Barker insisted, “It is not our intent to create barriers to competitive entry.”  Any increase in deficiency penalties would apply to all resources, he said.

PJM Executive Vice President for Markets Andy Ott said the issue would be assigned to either the Capacity Senior Task Force or the Market Implementation Committee.

Governor Calls for Maryland RPS, EE Boost

Saying it has a “moral obligation” to do more to combat climate change, Maryland Gov. Martin O’Malley last week called on the state to get one-quarter of its electricity from renewable sources by 2022, a 25% increase from the current Renewable Portfolio Standard.

O’Malley also restated his support for a regional cap-and-trade program to cut carbon dioxide emissions and pledged to improve the state’s lagging energy efficiency programs.

The governor, who will leave office in 2015, wants to strengthen his environmental credentials as he prepares for a possible presidential run.

The state has reduced its greenhouse gas emissions by 8% since 2006. But current efforts are likely to result in only a 17% cut by 2020, short of its 25% reduction target.

Renewable Portfolio Standard

Electricity consumption is responsible for about 41% of the state’s emissions. Thus boosting the RPS goal to 25% would make up a large part of the gap in GHG reductions, O’Malley said.

Renewable power provides almost 8% of Maryland’s electricity, up from less than 6% in 2007. Increasing the state’s RPS targets — currently 18% by 2020 and 20% 2022 — would require the support of lawmakers, who doubled the state’s original RPS goal in 2008.

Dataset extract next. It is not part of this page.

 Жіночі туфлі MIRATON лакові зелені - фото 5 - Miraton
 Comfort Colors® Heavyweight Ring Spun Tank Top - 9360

Doing so would be a boon for renewable generators both in the state and — because the state imports 28% of its electricity — elsewhere in PJM.

Energy Efficiency

The 2008 EmPOWER Maryland Energy Efficiency Act pledged to reduce Maryland’s per capita electricity consumption and peak load demand by 15% below 2007 levels by 2015. Thus far, peak electricity demand has declined by nearly 11% and per capita consumption is down by more than 9%.

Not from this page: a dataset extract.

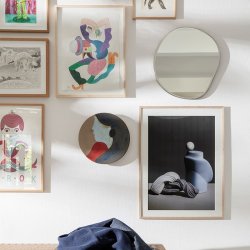 Ferm Living Pond Spejl - Small - Messing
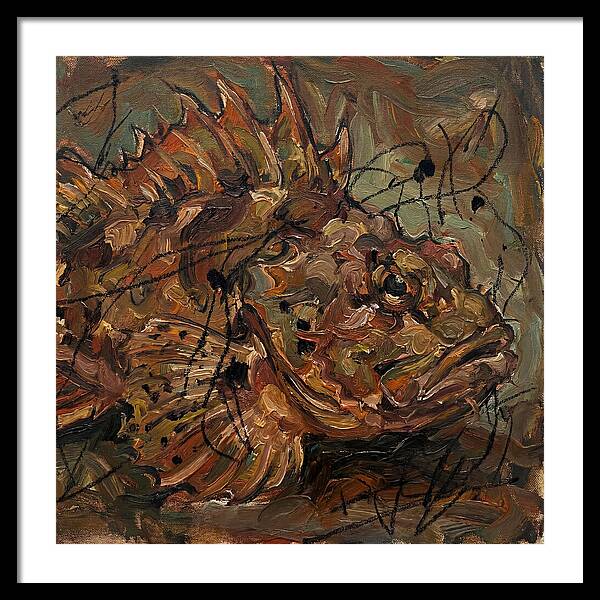 Scorpionfish In Expressionist Style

More than 430,000 households and businesses have participated in EmPOWER programs, putting the state on track to exceed its 15% peak demand reduction goal. But it is likely to reach only a 14% reduction in per capita usage based on current policies. O’Malley said the state can improve its performance with lessons from states that are reducing consumption faster.

Cap-and-Trade

O’Malley also reiterated the state’s commitment to the Regional Greenhouse Gas Initiative (RGGI). In February, Maryland and the eight other Northeast and Mid-Atlantic states in RGGI pledged to lower their 2014 carbon dioxide emissions to 91 million tons and to reduce the cap by 2.5% annually between 2015 and 2020.

Carbon emissions from power plants subject to RGGI declined from 165 million tons to 92 million tons between 2008 and 2012.  Most of the reduction is the result of the 2008 recession, milder weather and the rise of natural gas at the expense of coal with the remainder coming from energy efficiency and renewable energy programs funded by auction revenues.

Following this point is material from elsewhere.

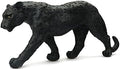 Cheetah Statue Black Panther Leopard Resin Big Cat Sculpture Modern Home Decor Realistic Leopard Sculpture Gift for Home Office Table Top Desktop Decoration 15.5" L X 6.9" H by POLYDUKE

O’Malley’s support of RGGI is in contrast with that of New Jersey Republican Gov. Chris Christie, another potential presidential candidate, who pulled his state from the program in 2011, saying it was expensive and ineffective.

O’Malley’s call for an increase in RPS standards also contrasts with the policy of many Republicans. Twenty nine states and Washington, D.C. have RPS standards. In 2011 and 2012, at least 14 states considered 50 bills to lower or weaken RPS standards, five of which succeeded.